Crawled caption data:
----

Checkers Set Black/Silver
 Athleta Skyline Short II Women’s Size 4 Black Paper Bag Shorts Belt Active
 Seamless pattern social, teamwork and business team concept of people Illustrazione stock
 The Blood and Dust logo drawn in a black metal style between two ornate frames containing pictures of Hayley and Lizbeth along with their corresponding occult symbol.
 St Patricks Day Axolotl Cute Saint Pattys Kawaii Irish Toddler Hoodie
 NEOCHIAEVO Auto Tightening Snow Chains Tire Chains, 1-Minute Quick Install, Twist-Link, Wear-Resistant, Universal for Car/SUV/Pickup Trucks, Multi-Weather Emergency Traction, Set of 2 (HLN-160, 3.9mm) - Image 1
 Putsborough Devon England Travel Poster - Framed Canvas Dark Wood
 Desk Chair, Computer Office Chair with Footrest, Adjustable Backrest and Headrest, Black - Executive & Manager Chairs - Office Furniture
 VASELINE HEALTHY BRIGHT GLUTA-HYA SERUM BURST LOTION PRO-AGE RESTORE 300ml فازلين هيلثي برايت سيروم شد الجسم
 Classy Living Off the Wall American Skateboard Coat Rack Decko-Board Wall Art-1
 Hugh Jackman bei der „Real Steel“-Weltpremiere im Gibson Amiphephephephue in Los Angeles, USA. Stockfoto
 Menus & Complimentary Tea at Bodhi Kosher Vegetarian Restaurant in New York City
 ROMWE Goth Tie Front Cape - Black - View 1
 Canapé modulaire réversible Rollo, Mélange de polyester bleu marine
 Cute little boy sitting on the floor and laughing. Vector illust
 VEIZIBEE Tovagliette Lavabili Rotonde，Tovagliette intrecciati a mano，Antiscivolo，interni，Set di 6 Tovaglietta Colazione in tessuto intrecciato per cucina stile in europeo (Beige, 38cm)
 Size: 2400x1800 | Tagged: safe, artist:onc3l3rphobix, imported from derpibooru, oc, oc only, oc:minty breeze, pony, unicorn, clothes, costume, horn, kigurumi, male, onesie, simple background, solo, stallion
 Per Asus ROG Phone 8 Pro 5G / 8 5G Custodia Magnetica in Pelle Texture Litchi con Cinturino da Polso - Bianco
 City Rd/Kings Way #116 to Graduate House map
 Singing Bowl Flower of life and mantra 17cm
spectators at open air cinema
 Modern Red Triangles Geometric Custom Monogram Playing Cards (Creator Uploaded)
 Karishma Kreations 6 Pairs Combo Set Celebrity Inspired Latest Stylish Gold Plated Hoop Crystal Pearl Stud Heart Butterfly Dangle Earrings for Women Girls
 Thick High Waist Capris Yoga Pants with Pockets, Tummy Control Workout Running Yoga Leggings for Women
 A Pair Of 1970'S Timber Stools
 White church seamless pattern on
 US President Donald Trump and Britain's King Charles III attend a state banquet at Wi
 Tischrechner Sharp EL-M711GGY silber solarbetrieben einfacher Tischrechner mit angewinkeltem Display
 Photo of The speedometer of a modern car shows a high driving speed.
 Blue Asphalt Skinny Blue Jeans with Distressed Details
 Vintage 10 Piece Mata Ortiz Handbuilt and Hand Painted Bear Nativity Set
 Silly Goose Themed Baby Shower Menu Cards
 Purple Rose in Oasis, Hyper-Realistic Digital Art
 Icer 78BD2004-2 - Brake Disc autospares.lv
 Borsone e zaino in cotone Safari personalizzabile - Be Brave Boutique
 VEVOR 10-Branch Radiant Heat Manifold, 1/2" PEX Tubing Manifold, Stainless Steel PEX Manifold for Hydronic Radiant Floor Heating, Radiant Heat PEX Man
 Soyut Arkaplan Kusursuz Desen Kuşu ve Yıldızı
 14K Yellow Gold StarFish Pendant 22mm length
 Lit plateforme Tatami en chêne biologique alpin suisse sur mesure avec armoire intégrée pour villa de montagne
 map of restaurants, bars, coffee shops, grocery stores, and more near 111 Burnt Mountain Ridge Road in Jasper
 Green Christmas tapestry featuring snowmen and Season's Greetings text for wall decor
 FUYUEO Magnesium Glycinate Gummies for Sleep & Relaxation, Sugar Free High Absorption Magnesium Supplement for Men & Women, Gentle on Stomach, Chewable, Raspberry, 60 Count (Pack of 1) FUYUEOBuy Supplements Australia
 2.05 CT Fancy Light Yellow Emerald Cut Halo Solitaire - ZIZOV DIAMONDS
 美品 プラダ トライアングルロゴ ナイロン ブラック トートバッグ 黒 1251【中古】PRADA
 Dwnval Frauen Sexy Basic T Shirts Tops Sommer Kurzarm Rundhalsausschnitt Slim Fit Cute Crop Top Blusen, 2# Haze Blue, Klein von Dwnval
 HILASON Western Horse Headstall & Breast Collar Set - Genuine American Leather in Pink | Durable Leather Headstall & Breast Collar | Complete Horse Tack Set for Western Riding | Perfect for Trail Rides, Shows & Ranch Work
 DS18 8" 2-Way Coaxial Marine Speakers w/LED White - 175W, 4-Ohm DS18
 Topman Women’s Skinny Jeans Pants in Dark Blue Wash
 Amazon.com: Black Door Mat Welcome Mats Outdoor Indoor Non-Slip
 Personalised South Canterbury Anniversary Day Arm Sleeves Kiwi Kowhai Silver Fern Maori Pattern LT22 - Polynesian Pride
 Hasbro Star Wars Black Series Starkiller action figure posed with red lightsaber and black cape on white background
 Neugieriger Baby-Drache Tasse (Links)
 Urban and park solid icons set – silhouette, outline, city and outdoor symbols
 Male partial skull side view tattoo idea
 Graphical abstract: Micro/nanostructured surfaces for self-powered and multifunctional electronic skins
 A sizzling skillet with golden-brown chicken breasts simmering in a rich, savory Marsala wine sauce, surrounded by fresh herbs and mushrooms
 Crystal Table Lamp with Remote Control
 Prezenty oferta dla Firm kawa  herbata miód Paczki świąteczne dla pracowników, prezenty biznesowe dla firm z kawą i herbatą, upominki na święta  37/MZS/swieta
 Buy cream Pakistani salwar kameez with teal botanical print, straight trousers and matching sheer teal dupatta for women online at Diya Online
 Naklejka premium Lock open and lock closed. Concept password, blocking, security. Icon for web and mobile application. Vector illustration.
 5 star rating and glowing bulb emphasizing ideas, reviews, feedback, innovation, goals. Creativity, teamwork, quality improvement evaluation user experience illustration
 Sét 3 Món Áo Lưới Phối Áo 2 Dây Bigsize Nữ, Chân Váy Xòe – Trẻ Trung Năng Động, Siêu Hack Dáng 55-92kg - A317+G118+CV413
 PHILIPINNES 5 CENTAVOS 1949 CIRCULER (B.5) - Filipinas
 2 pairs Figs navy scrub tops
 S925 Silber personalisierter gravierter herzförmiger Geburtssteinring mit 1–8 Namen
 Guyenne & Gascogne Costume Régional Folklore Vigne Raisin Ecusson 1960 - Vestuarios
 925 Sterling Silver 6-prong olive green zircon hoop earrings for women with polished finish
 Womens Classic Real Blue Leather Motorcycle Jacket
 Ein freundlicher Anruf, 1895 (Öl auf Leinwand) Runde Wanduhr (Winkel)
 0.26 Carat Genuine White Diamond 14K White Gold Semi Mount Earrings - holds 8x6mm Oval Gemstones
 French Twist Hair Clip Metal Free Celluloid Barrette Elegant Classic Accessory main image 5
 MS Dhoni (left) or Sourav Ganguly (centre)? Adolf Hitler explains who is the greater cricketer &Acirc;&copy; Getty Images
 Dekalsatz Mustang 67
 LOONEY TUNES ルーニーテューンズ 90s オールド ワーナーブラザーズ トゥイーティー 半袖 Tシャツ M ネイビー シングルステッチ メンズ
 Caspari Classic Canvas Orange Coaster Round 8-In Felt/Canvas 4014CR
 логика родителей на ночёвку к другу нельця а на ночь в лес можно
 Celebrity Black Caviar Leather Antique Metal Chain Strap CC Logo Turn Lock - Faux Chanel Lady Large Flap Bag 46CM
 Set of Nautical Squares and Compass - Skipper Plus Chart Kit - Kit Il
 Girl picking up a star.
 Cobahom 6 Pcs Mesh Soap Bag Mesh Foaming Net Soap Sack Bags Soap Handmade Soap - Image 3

----

What you will do:
The required output is the line holding "Set of Nautical" plus every line after it in the data, reproduced exactly.

Task answer:
 Set of Nautical Squares and Compass - Skipper Plus Chart Kit - Kit Il
 Girl picking up a star.
 Cobahom 6 Pcs Mesh Soap Bag Mesh Foaming Net Soap Sack Bags Soap Handmade Soap - Image 3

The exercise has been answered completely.